Despite being just formed three years ago during the merger, we have, under our belt, 60 years of proven track record and a unique ability to deliver projects with consistent safety standards and quality across a large global manufacturing footprint that presents scalability, geopolitical diversity, and some cost arbitrage opportunities. These are not competitive levers that many players around the world have. We do not ever stop evolving. We have been in business for over 60 years. We are not new to change. We are still standing strong today because we have successfully evolved alongside the industry, which is essentially critical now, as the whole world is in transition towards cleaner energy sources. This is only possible with robust capabilities in technology development, where we take a practical, market-led approach to innovation to stay ahead and maintain our long-term competitive edge.

Today, we own proprietary designs, such as FLEXHull, that we are already using in active FPSO tenders to sharpen our competitive edge, where proposed designs are evaluated as part of the bid. We also develop our own designs for FLNG and offshore substation, which has recently attained AIP. Longer term, we are also developing solutions for floating wind and other emerging energies to ensure we remain ahead of the curve. Our series build approach, design once, build many, reduces execution risks, shorten schedules, and improve margins, ensuring projects are delivered safely, on time, on quality, and within budget. Today, about 95% of our net order book comprises series build projects, underscoring the strength and scalability of this approach.

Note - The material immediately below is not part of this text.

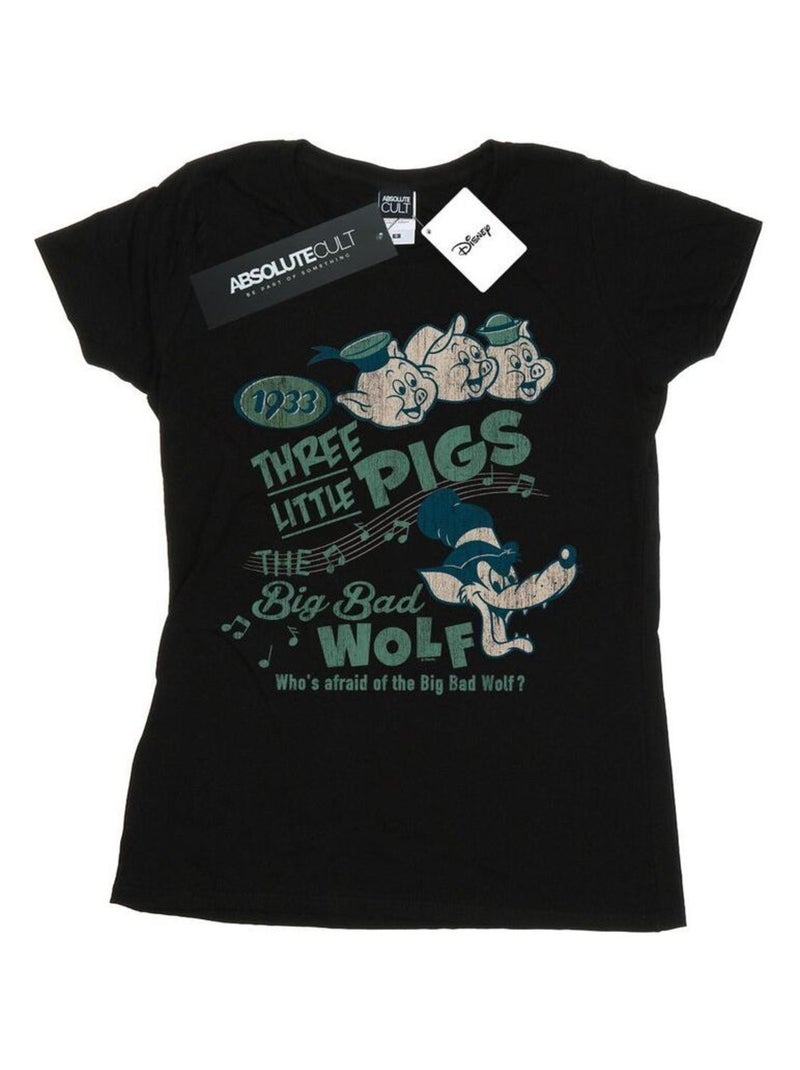 Disney - T-shirt WHO'S AFRAID OF THE BIG BAD WOLF Noir - Kiabi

On top of the existing franchises in gray, where we established the series build strategy, we're expanding this to Powerships where we see strong potential, as well as applying the same principle to FSU/FSRU conversion, especially since we already done 90% of the world's FSU/FSRU conversion, which is an unparalleled track record worldwide. Last August, we signed an LOI with a long-term partner, Karpowership, for the integration of four new generation Powerships, plus the option for two more, a strong endorsement of our capability and scalability in this adjacent segment. Integration works will start 1 Q, 2027. The LOI also includes conversion, life extension, and repairs of three LNG carriers into FSRUs. These are examples of higher value work that we are refocusing our repair and upgrade business on. These capabilities and high-value franchises will position us well for the next wave of opportunities.

Our $32 billion opportunity pipeline over the next 24 months is diversified across segments, geography, and asset types, some of which offer distinct market cycles for business resilience. Many of these opportunities are also aligned to our series build franchises. Over the next 24 months, we are pursuing $23 billion in oil and gas opportunities, driven mainly by Americas region. We still see strong opportunities in Brazil, where our long-term customer has disclosed its pipeline for the next five years. This is also where we have strong leadership for local content through our three established yards. We are also well positioned in Guyana for high-value integration work and topside fabrication, where we have participated in all of the FPSO work for the Stabroek Block so far.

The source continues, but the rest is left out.